Returning a promise vs returning a value
If you return a promise, the next handler waits. If you return a value, the next handler runs with that value immediately (on the microtask queue). I test these behaviors with a quick timing check:
const start = Date.now();
Promise.resolve("seed")
.then(() => new Promise(resolve => setTimeout(resolve, 50)))
.then(() => {
const elapsed = Date.now() - start;
console.log("elapsed", elapsed); // usually around 50ms+
});
Throwing inside a handler
Throwing is the same as rejecting. I test this with a simple chain and a final catch():
Promise.resolve("ok")
.then(() => {
throw new Error("boom");
})
.then(() => {
console.log("this will not run");
})
.catch(error => {
console.log(error.message); // boom
});
Returning undefined on purpose
Sometimes I return undefined on purpose to signal that a step is for side effects only. In those cases, I add a comment so the reader does not assume a missing return was a mistake.
saveAuditLog(event)
.then(() => {
// side effects only; no value needed
return undefined;
})
.then(() => {
// next steps
});
Comments like that are tiny, but they save review time.

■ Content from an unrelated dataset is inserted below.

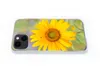 MuchoWow® Handyhülle Schutzhülle Hülle für iPhone 13 mini Produktbild-Vorschau 5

A final perspective I want you to carry forward
Promises are not just a syntax feature. They are a coordination model, and then() is the handshake that keeps that model honest. When you think about then() as a contract, you can reason about complex async flows with clarity: what value moves forward, what errors are recovered, and when the next step runs.
The practical takeaway I use in my own work is simple. If you want a pipeline of transformations, then() reads like a story and makes failures explicit. If you want a synchronous-looking flow with branching and loops, async/await is usually easier to scan, but it still depends on the same promise rules. Either way, you are building on the then() contract.
Your next steps should be concrete. Pick a promise chain in your current codebase and rewrite it as small steps that each return a value or a promise. Add a single catch() at the end and see whether the error flow feels clearer. Then run a quick test with a forced failure and watch the chain behavior. I do this whenever I refactor async flows, and it prevents subtle mistakes.
If you keep one rule in your head, make it this: a then() handler is a transformation, and the return value is the baton passed to the next runner. Keep that baton clean, and your async code will stay understandable long after the feature ships.